═══ RECORDS FOR THIS TASK ═══
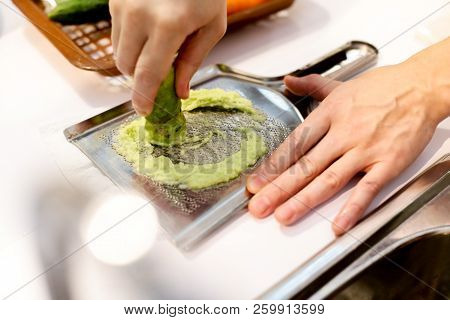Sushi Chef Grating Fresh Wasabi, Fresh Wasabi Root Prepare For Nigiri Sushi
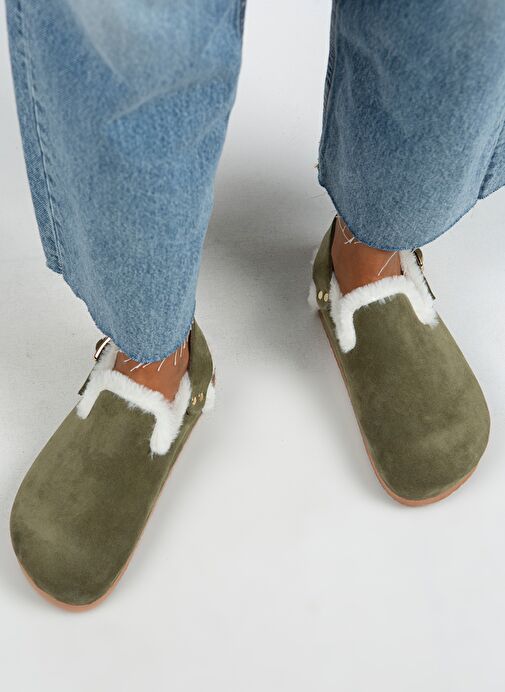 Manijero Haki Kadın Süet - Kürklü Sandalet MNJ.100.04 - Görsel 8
═══
═══ RECORDS FOR THIS TASK ═══
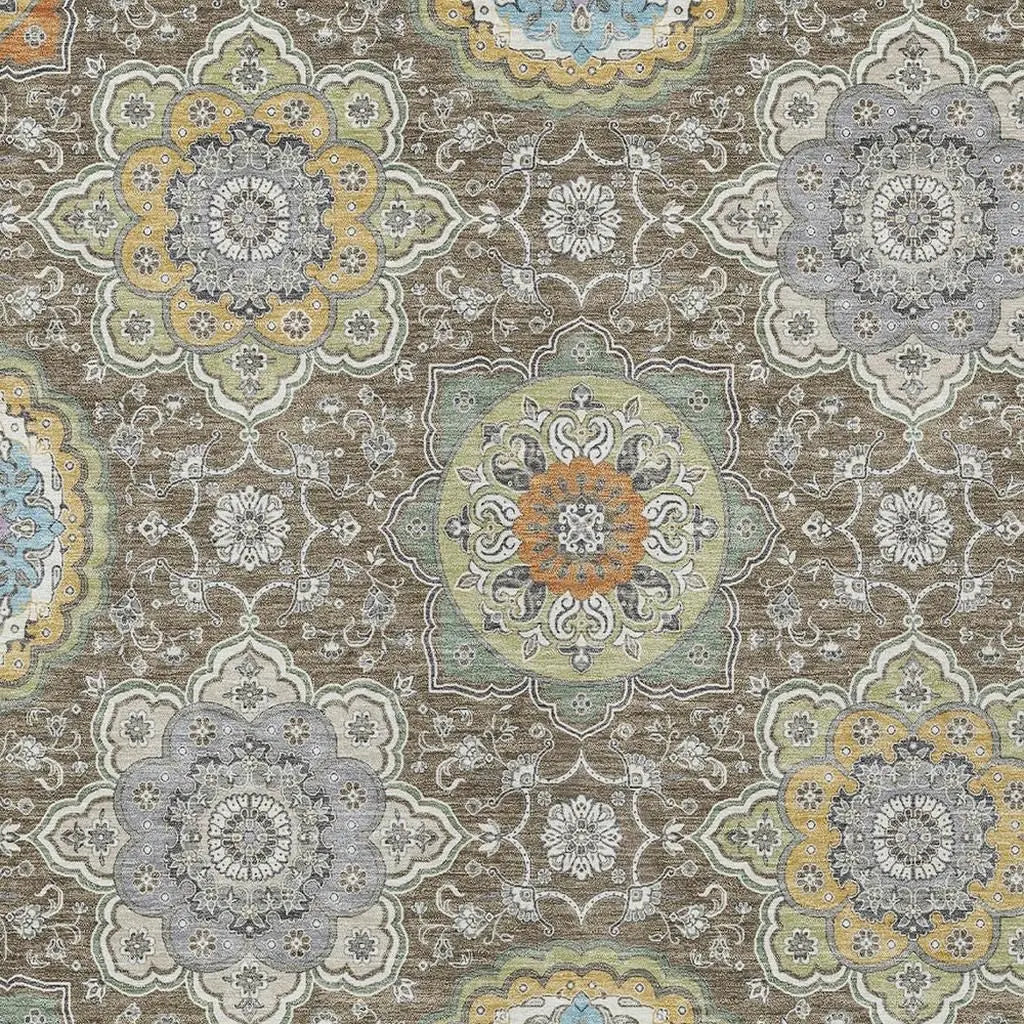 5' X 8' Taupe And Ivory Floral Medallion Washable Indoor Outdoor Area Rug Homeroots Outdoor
═══
» PROBLEM REQUIREMENTS
Each line from the one that contains "Sushi Chef Grating" down to the one that contains "Manijero Haki Kadın" is to be returned exactly as it stands above, both ends included, with pictures removed.

» TASK RESPONSE
Sushi Chef Grating Fresh Wasabi, Fresh Wasabi Root Prepare For Nigiri Sushi
 Manijero Haki Kadın Süet - Kürklü Sandalet MNJ.100.04 - Görsel 8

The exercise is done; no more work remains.